La conferma arriva dal Tribunale di Gela, che con la sentenza n. 408 del 19 giugno 2026 ha accolto il ricorso di un’infermiera turnista, condannando l’Azienda sanitaria al risarcimento economico per i buoni pasto mai riconosciuti durante centinaia di turni superiori alle sei ore. La decisione si inserisce nel consolidato orientamento della Corte di Cassazione, che negli ultimi anni ha più volte ribadito lo stesso principio.
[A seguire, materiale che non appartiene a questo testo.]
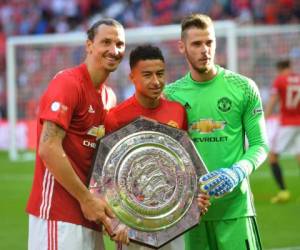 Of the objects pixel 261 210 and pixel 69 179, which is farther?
pixel 261 210

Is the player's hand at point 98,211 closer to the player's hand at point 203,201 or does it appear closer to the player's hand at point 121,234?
the player's hand at point 121,234

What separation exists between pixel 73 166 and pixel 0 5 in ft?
83.1

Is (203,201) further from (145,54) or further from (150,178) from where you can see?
(145,54)

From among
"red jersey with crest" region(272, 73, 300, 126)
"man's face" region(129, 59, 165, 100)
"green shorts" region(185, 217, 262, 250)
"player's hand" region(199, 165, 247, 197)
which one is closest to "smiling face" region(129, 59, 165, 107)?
"man's face" region(129, 59, 165, 100)

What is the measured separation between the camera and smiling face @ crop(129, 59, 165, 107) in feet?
17.6

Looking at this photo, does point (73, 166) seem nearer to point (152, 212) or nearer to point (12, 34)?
point (152, 212)

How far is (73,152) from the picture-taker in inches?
209

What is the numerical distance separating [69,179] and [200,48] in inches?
47.5

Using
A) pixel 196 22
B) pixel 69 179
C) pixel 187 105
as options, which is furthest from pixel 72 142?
pixel 196 22

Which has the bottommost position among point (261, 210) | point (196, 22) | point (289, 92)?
point (261, 210)

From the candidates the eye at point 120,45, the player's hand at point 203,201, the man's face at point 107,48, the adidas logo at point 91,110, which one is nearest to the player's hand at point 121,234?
the player's hand at point 203,201

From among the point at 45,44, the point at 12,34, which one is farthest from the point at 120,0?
the point at 45,44

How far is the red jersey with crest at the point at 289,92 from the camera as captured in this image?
45.7ft

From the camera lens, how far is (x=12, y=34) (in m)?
28.5
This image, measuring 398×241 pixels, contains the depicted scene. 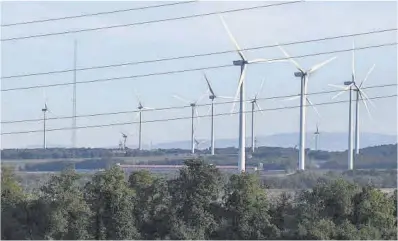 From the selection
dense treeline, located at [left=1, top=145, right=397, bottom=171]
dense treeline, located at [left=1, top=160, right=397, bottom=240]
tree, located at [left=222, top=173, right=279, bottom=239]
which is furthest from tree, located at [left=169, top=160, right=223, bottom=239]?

La pausa deve essere effettiva
Il punto centrale della vicenda riguarda la concreta possibilità di interrompere il lavoro. La normativa prevede che, superate le sei ore di attività, il dipendente abbia diritto a una pausa finalizzata anche alla consumazione del pasto.
Nella realtà dei reparti ospedalieri, però, non sempre ciò accade. Carenza di personale, emergenze assistenziali e continuità del servizio costringono spesso infermieri e operatori socio-sanitari a rimanere operativi senza poter lasciare realmente il reparto.
Secondo i giudici, se il datore di lavoro non consente una pausa effettiva né mette a disposizione un servizio mensa utilizzabile, deve garantire una misura sostitutiva, come il buono pasto.
Un principio che riguarda migliaia di professionisti
La pronuncia potrebbe interessare un numero molto elevato di lavoratori del Servizio sanitario nazionale. In numerose aziende sanitarie i turni di mattina, pomeriggio e notte superano abitualmente le sei ore, ma la pausa rimane spesso solo teorica.
La giurisprudenza, ormai sempre più uniforme, sottolinea che il diritto al buono pasto non dipende dal fatto che il lavoratore sia turnista o meno, ma dall’impossibilità concreta di usufruire della pausa prevista dalla legge e dal contratto collettivo.
Possibili nuovi ricorsi
La sentenza di Gela si aggiunge ad altre recenti decisioni favorevoli ai professionisti sanitari, confermando un orientamento che potrebbe incentivare nuove azioni legali da parte di infermieri, OSS e altre figure del comparto Sanità che negli anni non hanno ricevuto i buoni pasto pur lavorando per oltre sei ore consecutive senza una reale interruzione del servizio.
Per i lavoratori interessati sarà fondamentale verificare la documentazione relativa ai turni svolti, alle modalità di organizzazione della pausa e alle disposizioni adottate dalla propria azienda sanitaria, elementi che continuano a rappresentare il fulcro delle decisioni dei tribunali.